Term for drugs that interfere with the first step of hemostasis.

What is Aspirin mechanism of action?

Irreversibly blocks cyclooxygenase 1 (COX1) enzyme.

What is Clopidogrel?

Medications that block irreversibly to ADP P2Y12 receptor

What is Cilostazol?

Dual mechanism drug: blocks PDE III.

What are thrombolytic agents?

Break up blood clots formed during hemostasis

What is Alteplase (tPA)?

Directly aid the conversion of plasminogen to plasmin

Study Notes

Anticoagulants: Key Points

• Anticoagulant drugs treat hemostatic disorders and prevent blood clot formation in various conditions.
• They interfere with coagulation factors during secondary hemostasis.
• Healthcare professionals should monitor anticoagulant use due to their side effects.
• Unfractionated heparin (UFH) and low molecular weight heparin (LMWH) are anticoagulants.
• LMWHs are made through chemical depolymerization of UFH.
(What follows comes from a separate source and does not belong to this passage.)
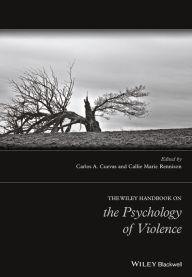 Title: The Wiley Handbook on the Psychology of Violence, Author: Carlos A. Cuevas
Heparin: Mechanism, Uses, and Effects

• Heparin potentiates antithrombin III (ATIII), reducing the action of factors IIa (thrombin) and Xa, preventing fibrinogen conversion to fibrin.
• Short-term and immediate anticoagulation addresses acute problems such as venous thromboembolism (VTE), acute coronary syndromes (ACS), and myocardial infarction (MI).
• Also serves as an adjunct to percutaneous coronary intervention (PCI) or as the primary reperfusion strategy in patients with ST-elevation myocardial infarction (STEMI).
• Heparin is safe for use during pregnancy because it does not cross the placenta.
• Activated partial thromboplastin time (aPTT) needs to be monitored during heparin therapy.
• The reversal agent for heparin is protamine sulfate, which is a ⊕ charged peptide that binds ⊝ charged heparin.
• Bleeding, heparin-induced thrombocytopenia (HIT), osteoporosis (long-term use), and type 4 renal tubular acidosis are potential adverse effects.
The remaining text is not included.